LG AI Research on the 9th unveiled EXAONE (LG AI Research) 4.5, a Multimodal AI model that simultaneously understands and reasons over text and images.

EXAONE 4.5 is a vision-language model (VLM) that integrates a self-developed vision encoder and a large language model (LLM) into a single architecture, based on the technological capabilities accumulated since LG AI Research developed Korea's first Multimodal AI model, EXAONE 1.0, in Dec. 2021.

STEM benchmark performance comparison between EXAONE 4.5 and global peer models. /Courtesy of LG AI Research Institute

A defining feature of EXAONE 4.5 is its "real-world reasoning ability," which reads and analyzes complex unstructured data encountered on industrial sites.
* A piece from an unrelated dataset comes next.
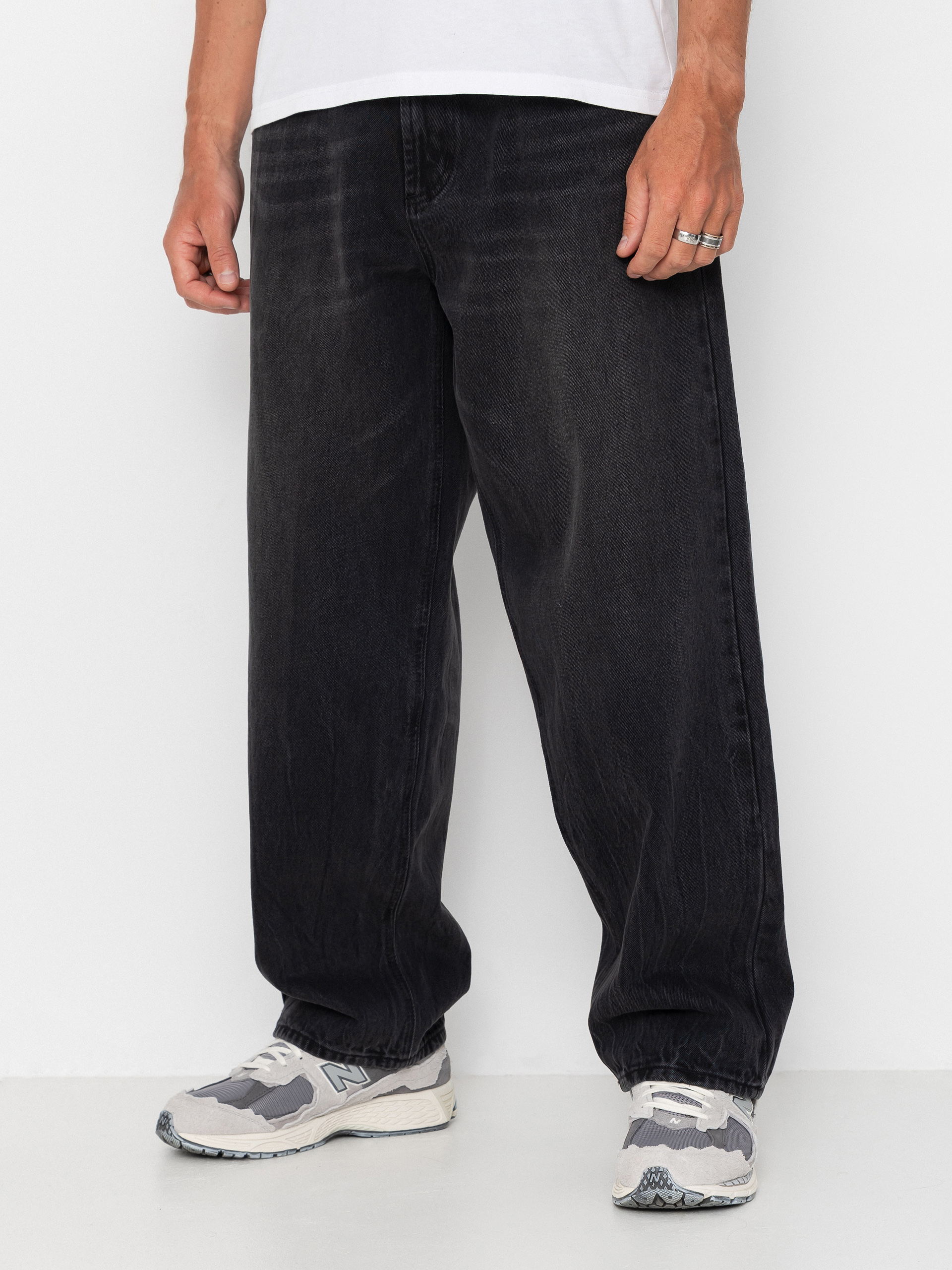 OBEY Bigwig Baggy Denim Hose (heavy vintage black)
It goes beyond merely recognizing objects in photos to consolidate the text and visual information contained in complex design drawings, financial statements, and various technology contracts to grasp context. This is a key step toward evolving AI into "physical intelligence" that can solve real challenges on industrial sites beyond data in virtual worlds.

In performance evaluations, EXAONE 4.5 outperformed global competitors such as OpenAI's "GPT-5 mini" and Anthropic's "Claude Sonnet 4.5" in average scores across 13 metrics measuring AI vision processing and reasoning capabilities. In particular, it posted 77.3 points on STEM (science, technology, engineering and mathematics) benchmarks, demonstrating world-class competitiveness. It also outperformed Google's latest model in coding benchmarks and complex chart analysis.
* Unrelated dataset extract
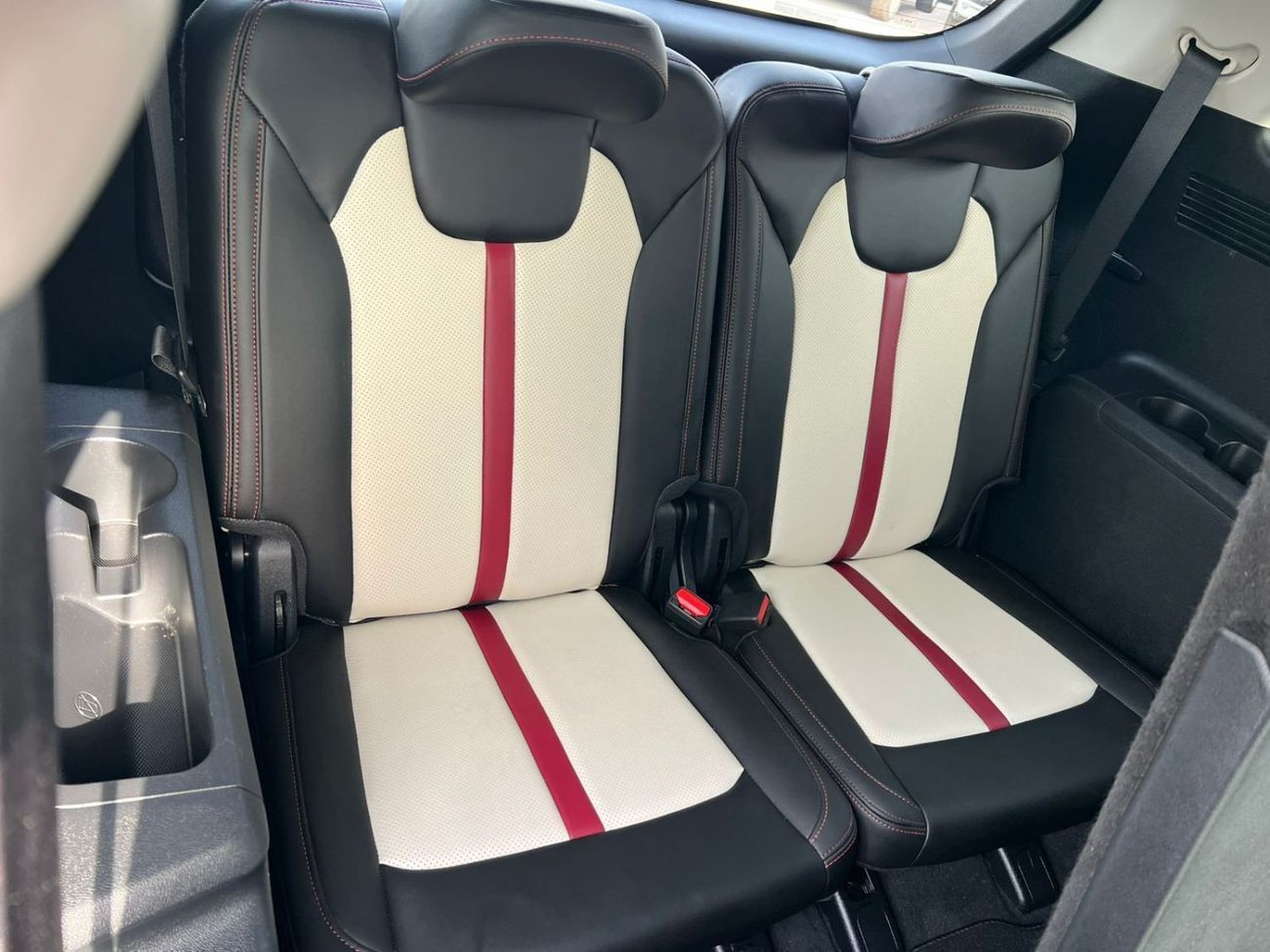 Kia Sorento 2022 KIA SORENTO - 2.5L V4 - REAR CAM - LEATHER SEATS - 7 SEATER - 4X4 - 4 Wheel Drive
It also delivered efficiency gains. EXAONE 4.5 reduced parameters to 3.3 billion—one-seventh the size of the previous model—yet maintained equivalent text reasoning performance by applying high-speed inference techniques such as a hybrid attention architecture. Supported languages were expanded to six, including Korean and English, as well as Spanish, Japanese and Vietnamese.

LG AI Research opened EXAONE 4.5 on the global platform Hugging Face for research and education to expand the AI ecosystem. The goal is to expand modalities for the domestic AI foundation model project "K-EXAONE." The plan is to advance it into "physical intelligence" that understands and judges not only speech and video but also the physical environment.
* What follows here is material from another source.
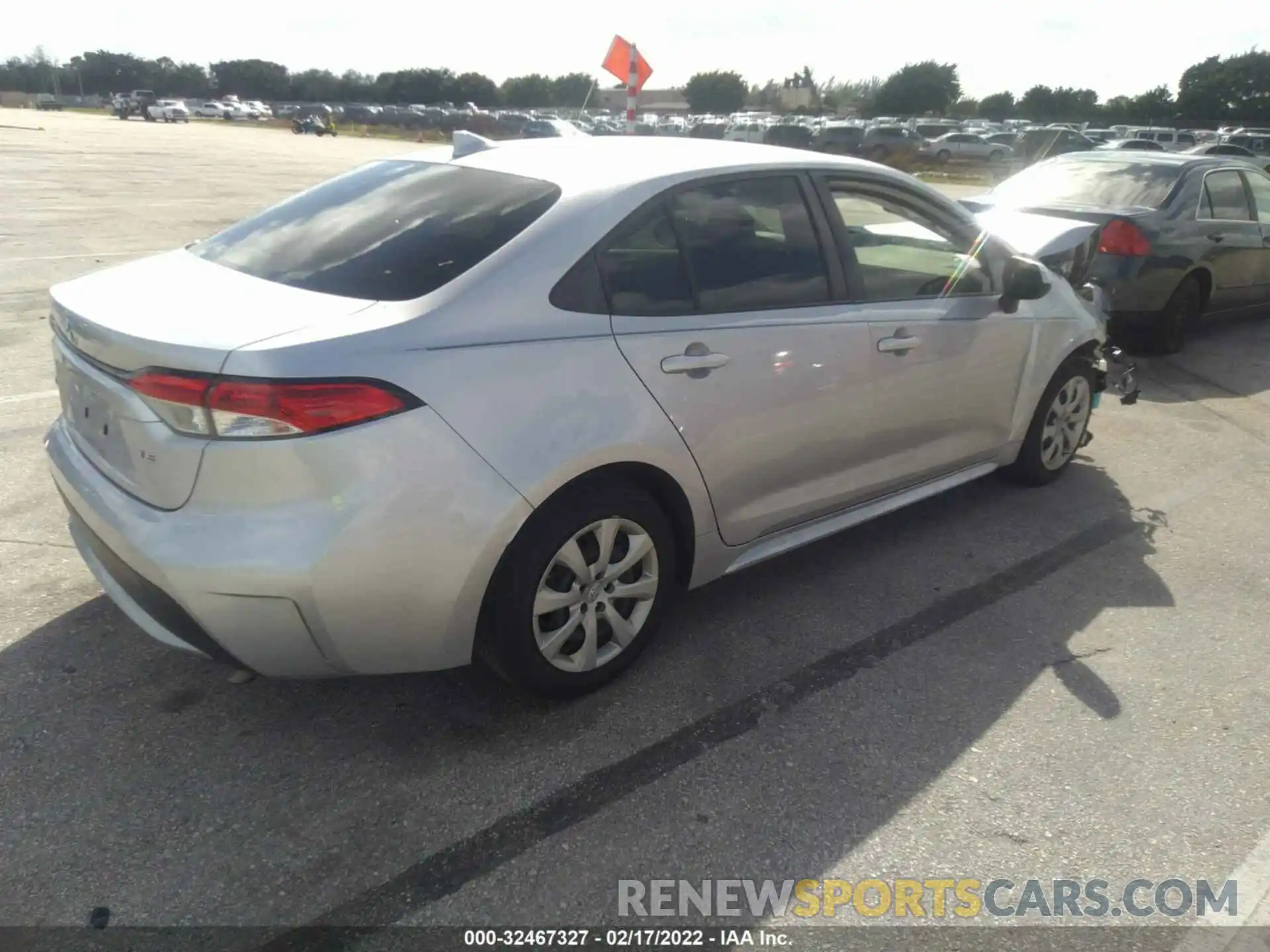 4 Photograph of a damaged car JTDEPRAEXLJ077733 TOYOTA COROLLA 2020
It will also continue collaborations with relevant institutions on high-quality data training, based on its self-designed AI risk classification system, to evolve the model to deeply understand Korea's history and cultural context.

Lee Jin-sik, head of the EXAONE Lab at LG AI Research, said, "EXAONE 4.5 is a signal flare announcing the entry into the multimodal era, perfectly understanding visual information beyond text," adding, "We will expand the scope of understanding to speech and video, and further to the physical environment, to build AI that can make practical judgments and take action on industrial sites."

※ This article has been translated by AI. Share your feedback here.